____ SOURCE DATA
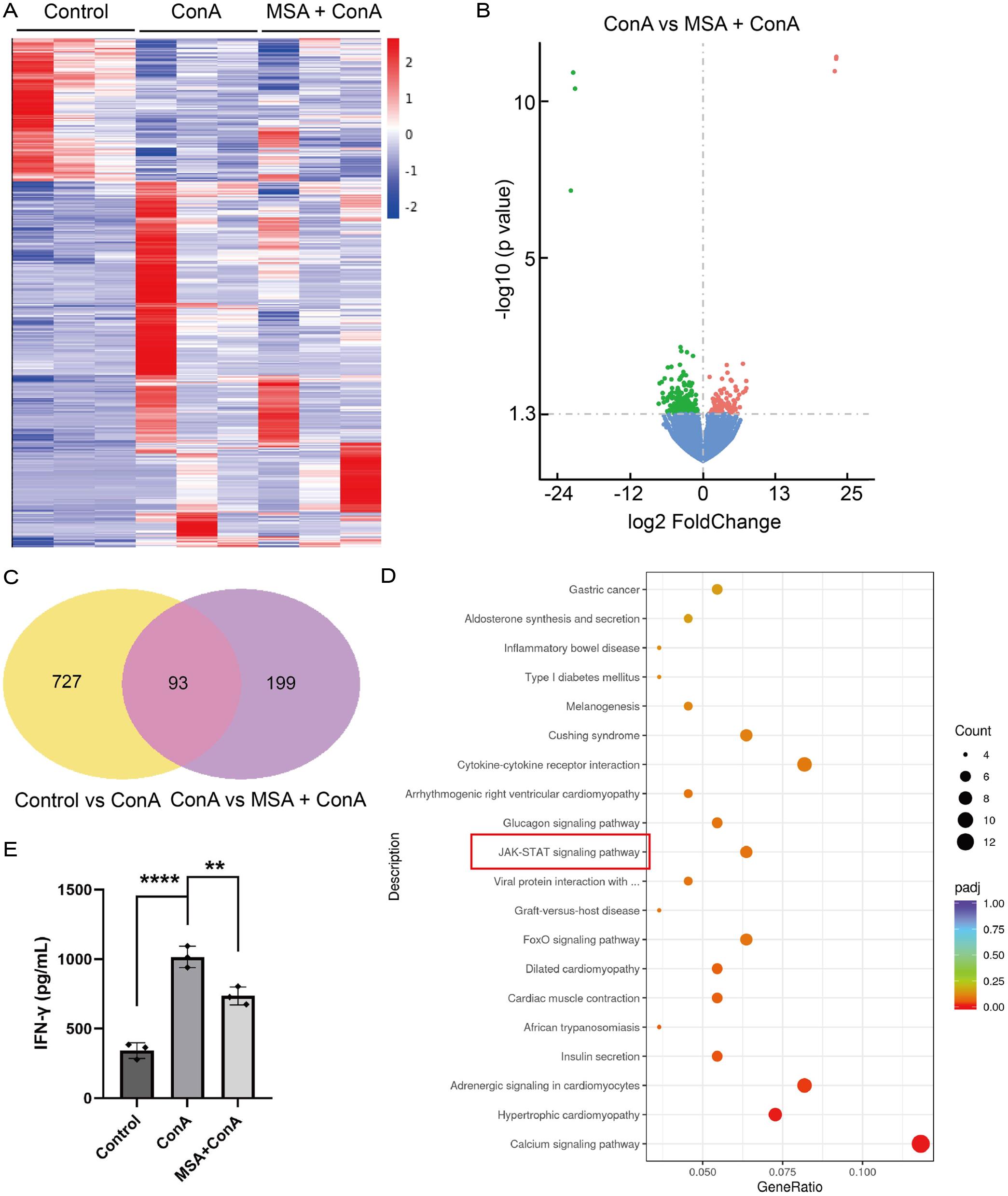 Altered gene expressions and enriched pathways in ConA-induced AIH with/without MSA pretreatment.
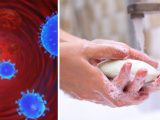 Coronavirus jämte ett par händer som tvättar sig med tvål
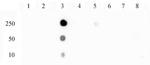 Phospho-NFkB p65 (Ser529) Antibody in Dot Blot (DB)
________
**DIRECTIONS**. Write out the whole listing again, exactly, with no pictures.

**SOLUTION TO THIS EXERCISE**.
 Altered gene expressions and enriched pathways in ConA-induced AIH with/without MSA pretreatment.
 Coronavirus jämte ett par händer som tvättar sig med tvål
 Phospho-NFkB p65 (Ser529) Antibody in Dot Blot (DB)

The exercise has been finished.